START Task material

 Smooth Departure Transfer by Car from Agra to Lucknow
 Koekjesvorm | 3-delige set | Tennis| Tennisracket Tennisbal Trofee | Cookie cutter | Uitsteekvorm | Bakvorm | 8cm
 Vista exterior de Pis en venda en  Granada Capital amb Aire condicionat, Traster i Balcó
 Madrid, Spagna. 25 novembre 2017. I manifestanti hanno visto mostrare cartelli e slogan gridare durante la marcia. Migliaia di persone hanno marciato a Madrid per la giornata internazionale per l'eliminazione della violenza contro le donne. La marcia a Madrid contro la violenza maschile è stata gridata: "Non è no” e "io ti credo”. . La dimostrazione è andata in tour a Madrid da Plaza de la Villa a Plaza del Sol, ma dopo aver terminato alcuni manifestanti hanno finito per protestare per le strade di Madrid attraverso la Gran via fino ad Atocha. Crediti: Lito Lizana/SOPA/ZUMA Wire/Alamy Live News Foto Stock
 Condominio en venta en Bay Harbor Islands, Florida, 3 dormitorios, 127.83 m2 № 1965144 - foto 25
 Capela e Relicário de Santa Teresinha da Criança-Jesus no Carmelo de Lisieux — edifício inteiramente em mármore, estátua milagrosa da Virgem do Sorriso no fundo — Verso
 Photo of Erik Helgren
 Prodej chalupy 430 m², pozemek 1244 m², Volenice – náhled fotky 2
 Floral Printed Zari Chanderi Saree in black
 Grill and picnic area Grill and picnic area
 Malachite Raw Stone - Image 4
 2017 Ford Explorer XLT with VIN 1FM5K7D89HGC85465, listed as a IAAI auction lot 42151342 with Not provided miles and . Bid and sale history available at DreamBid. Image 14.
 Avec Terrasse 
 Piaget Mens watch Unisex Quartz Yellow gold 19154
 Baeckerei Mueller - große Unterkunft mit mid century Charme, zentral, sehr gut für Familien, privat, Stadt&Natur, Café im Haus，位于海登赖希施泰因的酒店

END Task material

The lines above that hold the string "Image" are to be located and copied.

Exercise response —
 Malachite Raw Stone - Image 4
 2017 Ford Explorer XLT with VIN 1FM5K7D89HGC85465, listed as a IAAI auction lot 42151342 with Not provided miles and . Bid and sale history available at DreamBid. Image 14.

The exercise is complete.